Para melhor compreender o assunto a ser tratado cabe conceituar o que é licitação. Pois, esta é o procedimento administrativo, que antecede o contrato administrativo, pelo qual a Administração Pública convoca interessados em prestar serviços ou fornecer bens, para, através de uma competição, escolher quem oferecer a proposta mais vantajosa.

O processo licitatório no Brasil é regulado por Leis e Decretos, dentro os quais destacamos a Lei nº 8.666/93 (Lei Geral de Licitação), que veio regulamentar o art. 37, XXI, da CF/88, e a Lei nº 10.520/02, que institui o pregão.

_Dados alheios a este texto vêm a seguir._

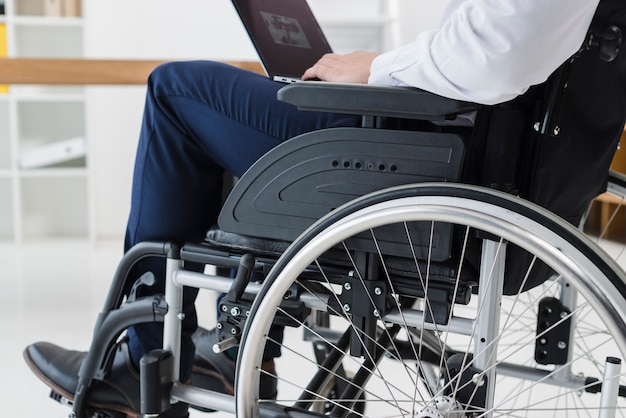 Close-up, de, homem negócios, sentando, ligado, cadeira rodas, usando computador portátil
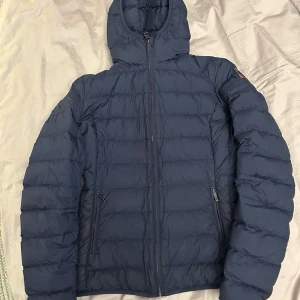 Mörkblå dunjacka från Parajumpers - Säljer en snygg mörkblå dunjacka från Parajumpers med huva och dragkedja. Jackan har en broderad logotyp på ärmen och är perfekt för kyliga dagar. Den är både stilren och funktionell pris kan sänkas vid snabb affär!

A Lei Geral de Licitação prevê como modalidades licitatórias: concorrência, tomada de preços, convite, concurso e leilão. Além das previstas em leis próprias como o pregão e a modalidade consulta, para Agências Reguladoras. Com advento da Lei 12.462/11 alguns doutrinadores classificam o RDC como uma nova modalidade de licitação.

REGIME DIFERENCIADO DE CONTRATAÇÃO

O Regime Diferenciado de Contratações Públicas, também chamado RDC, trata-se de um conjunto de normas para contratações públicas instituído pela Lei n° 12.462/2011, que teve como origem a Medida Provisória n° 527/2011 e atualmente goza de status de Lei Ordinária. Entre suas fontes de inspiração estão as Leis que dispõe sobre o pregão, nº 10.520/02, e sobre as normas gerais de contratação de consórcios públicos, além do Decreto n° 2.745/98 que regula o procedimento licitatório no âmbito da Petrobrás.

Após a escolha do Brasil como sede da Copa das Confederações de 2013, Copa do Mundo de 2014 e os jogos Olímpicos e Paraolímpicos em 2016 houve forte pressão para o cumprimento do cronograma de tais obras. É nesse contexto que se criou o RDC destinado especificamente a atender obras de infraestruturas de grandioso vulto, levando em consideração que a Lei Geral de Licitações, n° 8.666/93, não atenderia as demandas que os grandes eventos esportivos gerariam em decorrência, especial, de sua morosidade nos processos licitatórios.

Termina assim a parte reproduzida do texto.